Apple Silicon changes the VRAM equation because the CPU and GPU share the same memory pool. There's no VRAM vs RAM split.

  • M4 Max 64 GB: 70B at Q4 comfortably; 30B at Q8; 14B at FP16
  • M4 Ultra 128 GB: 70B at Q8; 100B+ at Q4; 405B with some offloading

Speed is slower than equivalent discrete GPUs, but capacity is unmatched in consumer hardware.

Compare Apple Silicon configs →

Practical Recommendations

Under $300 GPU budget: RTX 4060 8GB. Runs 7–8B models at Q4 well. Great entry point.

$400–600 GPU budget: RTX 4070 12GB. The sweet spot — 14B at Q5, 8B at Q8. Most versatile consumer choice.

$800–1200 GPU budget: RTX 4090 24GB. Maximum consumer VRAM until RTX 5090. Runs 30B at Q6.

For very large models: Mac M4 Max or Mac Studio M4 Ultra. More memory capacity than any consumer GPU at a premium price.

Already have hardware? Check what you can run →

Key Takeaways

  1. VRAM is the primary constraint. Speed matters, but only if the model fits first.
  2. Quantization is not optional for most users — Q4_K_M at your target model size is the starting point, not the compromise.
  3. A smaller model fully in VRAM beats a larger model half-offloaded. Always.
  4. MoE models offer exceptional quality per VRAM — check if there's a MoE option before assuming you can't run large models.
  5. Apple Silicon's unified memory is a genuine advantage for fitting large models, at a speed trade-off.

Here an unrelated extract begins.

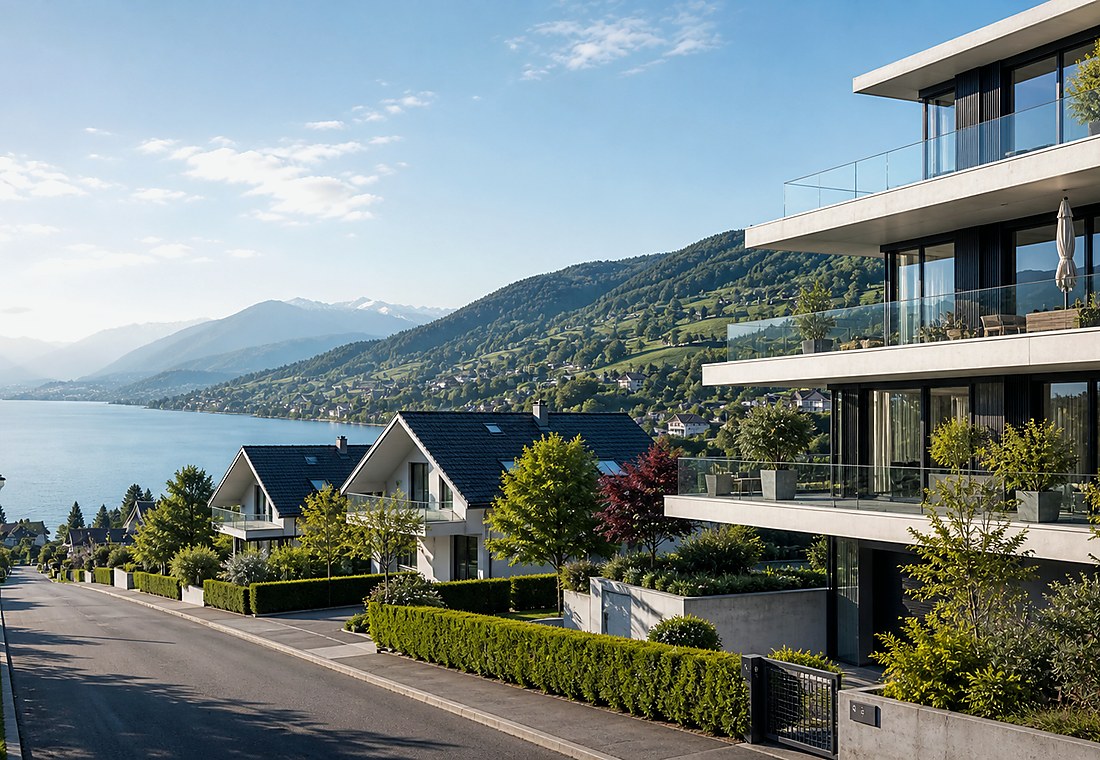 Visuel immobilier premium local pour Bettwiesen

Use the hardware compatibility calculator to find the best models for your specific GPU — it factors in VRAM, bandwidth, and architecture to tell you what will actually run well, not just what will technically load.

Check your hardware compatibility →


Related: VRAM reference table for all models | Best GPU for local AI | Quantization explained

Frequently Asked Questions

How much VRAM do I need to run a 7B model?

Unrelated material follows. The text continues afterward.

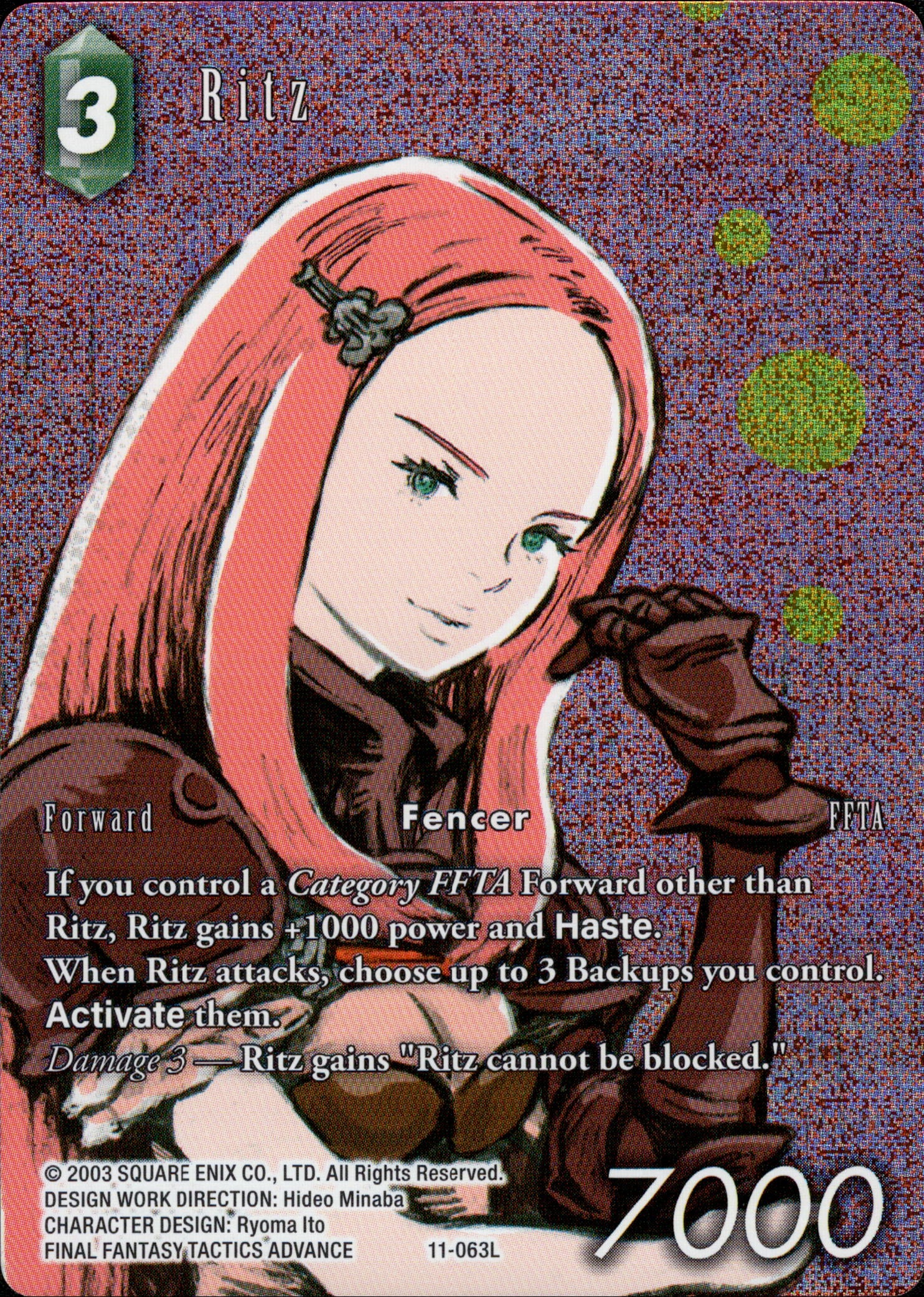Ritz Full Art - 11-063L - Opus XI - Foil - Card Cavern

A 7B parameter model needs approximately 4–5 GB VRAM at Q4_K_M quantization, or 7–8 GB at Q8. An RTX 3060 12GB, RTX 4060 8GB, or any GPU with 8+ GB VRAM handles 7B models comfortably.

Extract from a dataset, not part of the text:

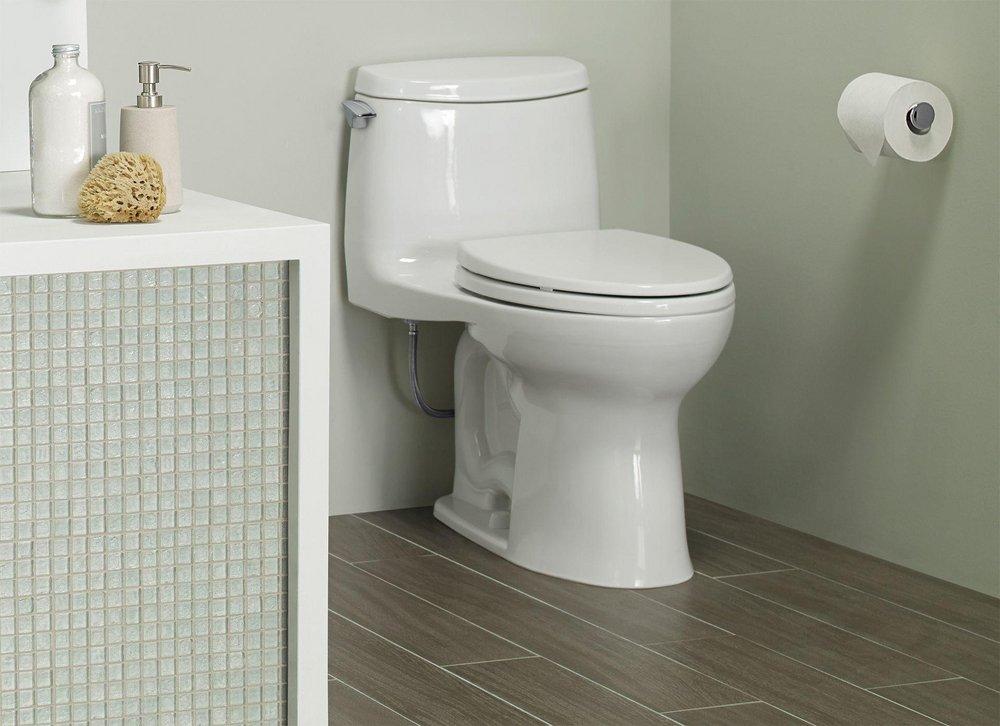 TOTO Cotton 1.28 gpf Elongated One Piece Toilet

Can I run a 70B model on a single GPU?

A 70B model at Q4_K_M requires around 39 GB VRAM. No single consumer GPU fits this fully — the RTX 5090 has 32 GB, so it needs some CPU offloading. A Mac M4 Max with 64 GB or M4 Ultra with 128 GB unified memory handles 70B models comfortably.

What is the minimum VRAM for running LLMs?

6–8 GB VRAM is the practical minimum for a useful experience. At 6 GB you can run 3–4B models at Q4. At 8 GB you can run 7–8B models at Q4. Below 6 GB, most models require so much CPU offloading that inference becomes too slow for interactive use.

Does RAM matter as much as VRAM for LLMs?

VRAM is primary — model weights must fit in VRAM for fast inference. System RAM matters for CPU offloading (when a model layer spills out of VRAM). Having 32–64 GB system RAM lets you run oversized models at reduced speed via offloading. Apple Silicon unifies VRAM and RAM, which changes this equation significantly.

How much VRAM do I need for a 13B or 14B model?

A 13–14B model needs approximately 8 GB at Q4_K_M, 10–11 GB at Q5_K_M, or 14–15 GB at Q8. An RTX 4070 12GB runs 14B models at Q4–Q5. A 16 GB GPU like the RTX 4080 handles them at Q8.

What VRAM tier do I need to run Llama 3 70B?

Llama 3.3 70B needs about 39 GB at Q4_K_M or 74 GB at Q8. To run it without offloading, you need an Apple Silicon Mac with 64+ GB unified memory, a professional GPU (A100 80GB, H100), or a multi-GPU setup. On a 24 GB RTX 4090 or 32 GB RTX 5090, it runs with partial CPU offloading at reduced speed.